Work request
From the data that follows, print exactly the lines starting at the one containing "Simple Aje Hantaran: Hantaran" and ending at the one containing "Cartões postais de"; include both of them and nothing more.
:: Supplied information
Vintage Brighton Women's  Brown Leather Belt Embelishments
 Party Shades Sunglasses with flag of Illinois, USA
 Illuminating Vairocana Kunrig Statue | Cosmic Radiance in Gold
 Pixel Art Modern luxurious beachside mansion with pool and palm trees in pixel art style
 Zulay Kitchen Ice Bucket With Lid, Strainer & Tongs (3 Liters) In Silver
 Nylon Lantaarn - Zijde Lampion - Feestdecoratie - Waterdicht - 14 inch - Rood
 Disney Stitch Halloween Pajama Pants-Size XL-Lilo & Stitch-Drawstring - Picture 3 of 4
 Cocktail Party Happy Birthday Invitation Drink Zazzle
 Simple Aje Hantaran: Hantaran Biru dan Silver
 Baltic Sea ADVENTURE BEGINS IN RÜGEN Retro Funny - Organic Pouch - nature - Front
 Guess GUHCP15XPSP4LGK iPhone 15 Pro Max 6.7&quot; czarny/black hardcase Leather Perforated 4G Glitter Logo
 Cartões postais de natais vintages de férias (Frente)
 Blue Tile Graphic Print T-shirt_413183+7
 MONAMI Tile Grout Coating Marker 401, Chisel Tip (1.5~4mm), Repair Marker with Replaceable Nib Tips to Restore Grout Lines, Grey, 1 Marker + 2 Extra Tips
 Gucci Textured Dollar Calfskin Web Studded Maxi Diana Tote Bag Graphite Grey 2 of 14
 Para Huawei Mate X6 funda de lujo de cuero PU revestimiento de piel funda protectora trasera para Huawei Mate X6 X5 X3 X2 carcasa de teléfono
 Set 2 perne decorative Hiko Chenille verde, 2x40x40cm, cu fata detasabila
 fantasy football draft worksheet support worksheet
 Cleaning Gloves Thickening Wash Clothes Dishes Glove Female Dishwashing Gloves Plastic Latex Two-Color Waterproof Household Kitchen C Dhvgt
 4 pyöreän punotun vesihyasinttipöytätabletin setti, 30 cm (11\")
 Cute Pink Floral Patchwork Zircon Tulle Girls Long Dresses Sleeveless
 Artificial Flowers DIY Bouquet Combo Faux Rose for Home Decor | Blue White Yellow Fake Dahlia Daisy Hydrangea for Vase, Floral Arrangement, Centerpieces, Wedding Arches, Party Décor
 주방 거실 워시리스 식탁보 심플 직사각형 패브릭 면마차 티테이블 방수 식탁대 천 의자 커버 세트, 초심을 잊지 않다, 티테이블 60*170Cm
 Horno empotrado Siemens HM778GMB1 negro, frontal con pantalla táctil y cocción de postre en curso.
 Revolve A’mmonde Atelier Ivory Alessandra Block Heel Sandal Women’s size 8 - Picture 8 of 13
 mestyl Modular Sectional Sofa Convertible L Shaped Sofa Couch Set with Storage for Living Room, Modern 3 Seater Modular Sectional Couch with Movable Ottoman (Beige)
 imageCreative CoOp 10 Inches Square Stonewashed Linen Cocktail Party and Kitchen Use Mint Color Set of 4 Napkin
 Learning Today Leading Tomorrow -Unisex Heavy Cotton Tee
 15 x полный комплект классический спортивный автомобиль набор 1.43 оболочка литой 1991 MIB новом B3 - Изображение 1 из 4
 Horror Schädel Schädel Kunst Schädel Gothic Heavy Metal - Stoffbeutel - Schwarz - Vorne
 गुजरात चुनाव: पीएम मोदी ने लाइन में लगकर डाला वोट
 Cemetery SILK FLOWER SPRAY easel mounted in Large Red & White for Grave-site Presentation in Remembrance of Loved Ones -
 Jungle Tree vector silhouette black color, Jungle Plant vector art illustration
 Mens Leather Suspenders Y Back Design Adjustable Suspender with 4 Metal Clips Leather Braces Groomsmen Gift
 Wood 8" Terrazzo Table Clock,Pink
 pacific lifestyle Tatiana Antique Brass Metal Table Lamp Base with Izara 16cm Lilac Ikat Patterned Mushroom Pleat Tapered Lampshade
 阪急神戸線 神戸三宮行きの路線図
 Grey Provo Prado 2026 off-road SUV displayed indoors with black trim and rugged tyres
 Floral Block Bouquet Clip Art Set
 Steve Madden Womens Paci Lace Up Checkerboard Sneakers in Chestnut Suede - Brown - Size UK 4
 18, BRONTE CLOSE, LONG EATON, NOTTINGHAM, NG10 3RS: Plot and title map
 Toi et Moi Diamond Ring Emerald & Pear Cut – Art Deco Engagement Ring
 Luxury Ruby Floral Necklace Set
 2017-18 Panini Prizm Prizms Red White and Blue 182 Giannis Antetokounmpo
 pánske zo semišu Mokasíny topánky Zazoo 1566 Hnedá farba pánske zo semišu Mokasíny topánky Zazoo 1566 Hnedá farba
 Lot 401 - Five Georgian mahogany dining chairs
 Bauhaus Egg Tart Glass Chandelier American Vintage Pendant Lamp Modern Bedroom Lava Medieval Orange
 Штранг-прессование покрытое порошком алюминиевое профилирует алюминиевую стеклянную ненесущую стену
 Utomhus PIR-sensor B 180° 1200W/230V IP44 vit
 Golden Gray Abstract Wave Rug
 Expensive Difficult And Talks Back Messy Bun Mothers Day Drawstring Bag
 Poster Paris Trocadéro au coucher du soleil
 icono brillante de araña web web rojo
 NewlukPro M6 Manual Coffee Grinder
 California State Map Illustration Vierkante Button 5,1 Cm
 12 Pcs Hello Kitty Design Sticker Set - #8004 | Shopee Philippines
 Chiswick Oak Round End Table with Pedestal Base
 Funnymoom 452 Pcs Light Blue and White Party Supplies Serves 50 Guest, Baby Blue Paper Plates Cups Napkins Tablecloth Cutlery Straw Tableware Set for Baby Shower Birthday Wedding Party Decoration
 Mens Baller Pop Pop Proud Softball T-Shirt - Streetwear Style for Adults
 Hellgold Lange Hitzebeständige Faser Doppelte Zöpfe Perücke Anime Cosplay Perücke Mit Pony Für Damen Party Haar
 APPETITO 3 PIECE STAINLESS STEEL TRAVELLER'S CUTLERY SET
::::
Exercise solution
 Simple Aje Hantaran: Hantaran Biru dan Silver
 Baltic Sea ADVENTURE BEGINS IN RÜGEN Retro Funny - Organic Pouch - nature - Front
 Guess GUHCP15XPSP4LGK iPhone 15 Pro Max 6.7&quot; czarny/black hardcase Leather Perforated 4G Glitter Logo
 Cartões postais de natais vintages de férias (Frente)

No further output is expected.